Selon lui, les critiques traduisent une vision dépassée de la Guinée. « Quand certains parlent de mascarade, je crois qu’ils ont encore en tête l’image de la Guinée d’hier, pas celle d’aujourd’hui », a-t-il déclaré. Il assure que le processus repose sur « une base technique solide », avec un enrôlement massif et un dispositif conçu pour identifier correctement les électeurs.

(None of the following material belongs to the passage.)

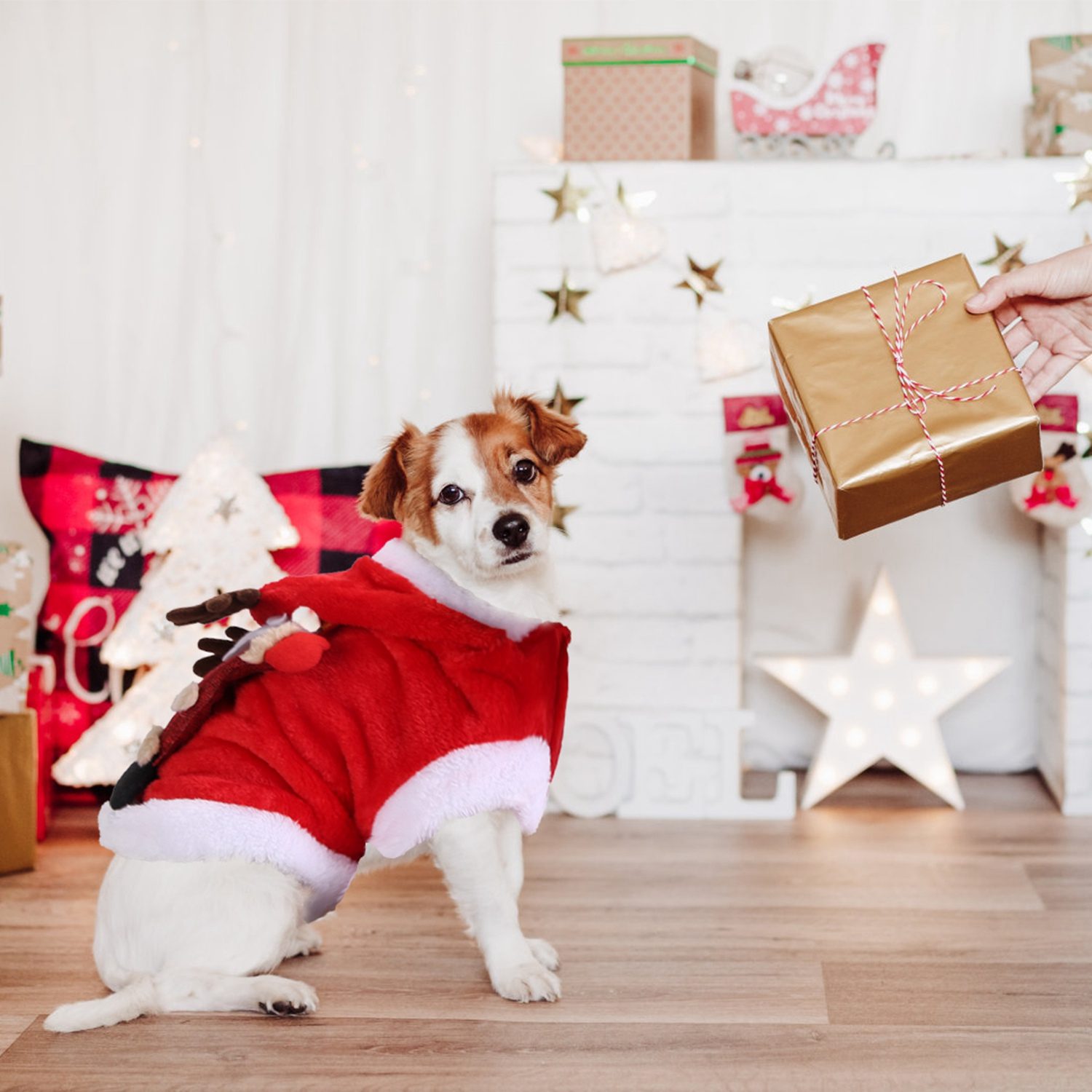 1Pc Pet Christmas Clothes Santa Claus Reindeer Antlers Costume Winter Outfit New Year Coat For Small Medium Dogs Cats – view 6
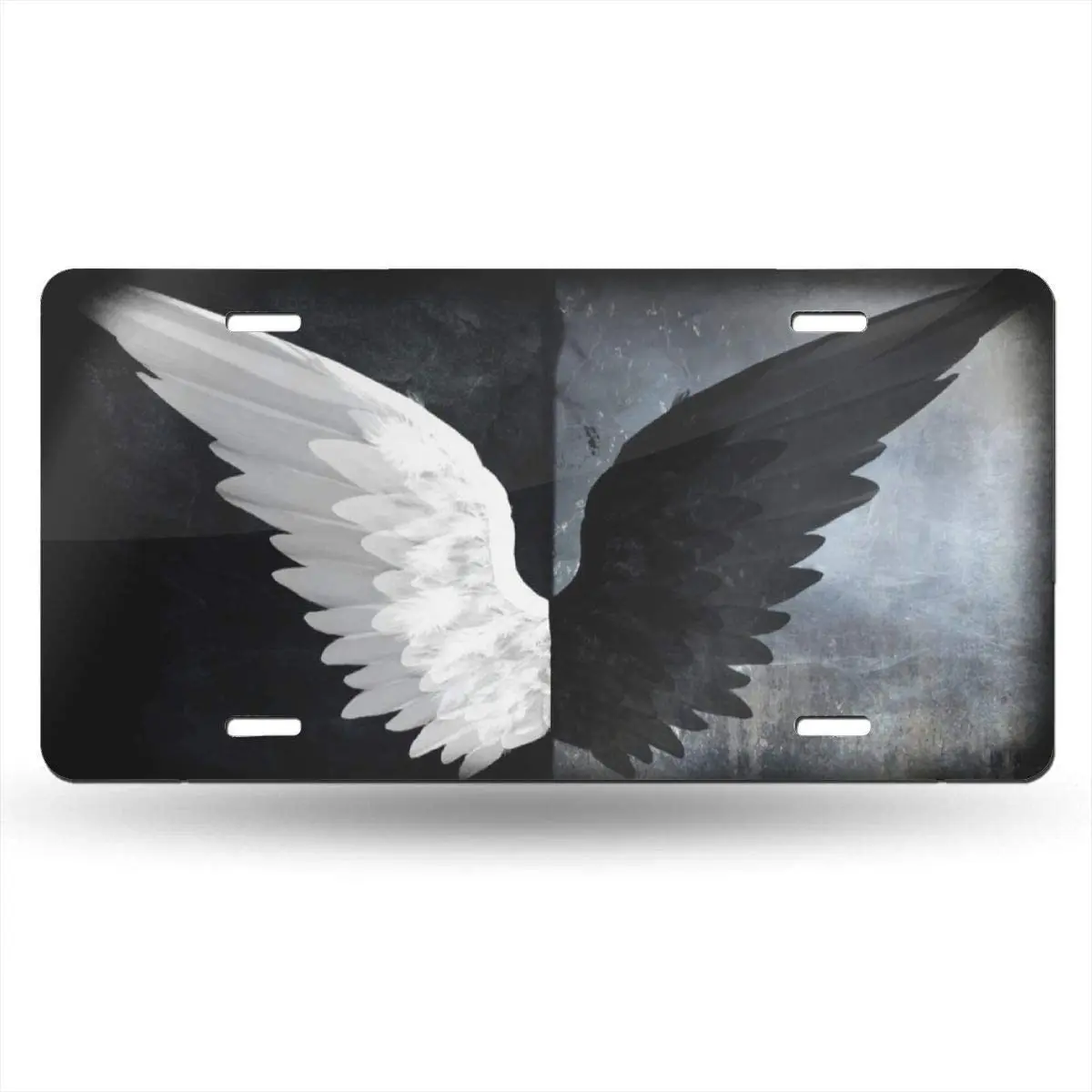 HAIMAX черно-белые крылья ангела автомобиль 6x1 2 алюминиевый передний номерной знак автомобиля рама тщеславие знак для тренажерного зала улицы прачечной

Bah Oury considère que l’enjeu dépasse les débats partisans. Il laisse entendre que lorsque des personnalités qui ont longtemps agi au nom du peuple choisissent de s’opposer à un référendum destiné à redéfinir les fondements de l’État, il est légitime de s’interroger sur leur sens de la responsabilité.
Le chef du gouvernement insiste par ailleurs sur la nécessité d’une forte mobilisation citoyenne. « Nous voulons une participation large, car c’est elle qui donnera sa légitimité à la future Constitution », a-t-il affirmé, prédisant une victoire « massive » du camp du « Oui ».
Alors que la tension monte à la veille du scrutin, la sérénité affichée par le Premier ministre contraste avec la radicalité des opposants, déterminés à transformer le vote en épreuve de vérité. Le référendum s’annonce ainsi comme un moment décisif, non seulement pour l’avenir institutionnel du pays, mais aussi pour mesurer le rapport de force entre le pouvoir et ses détracteurs.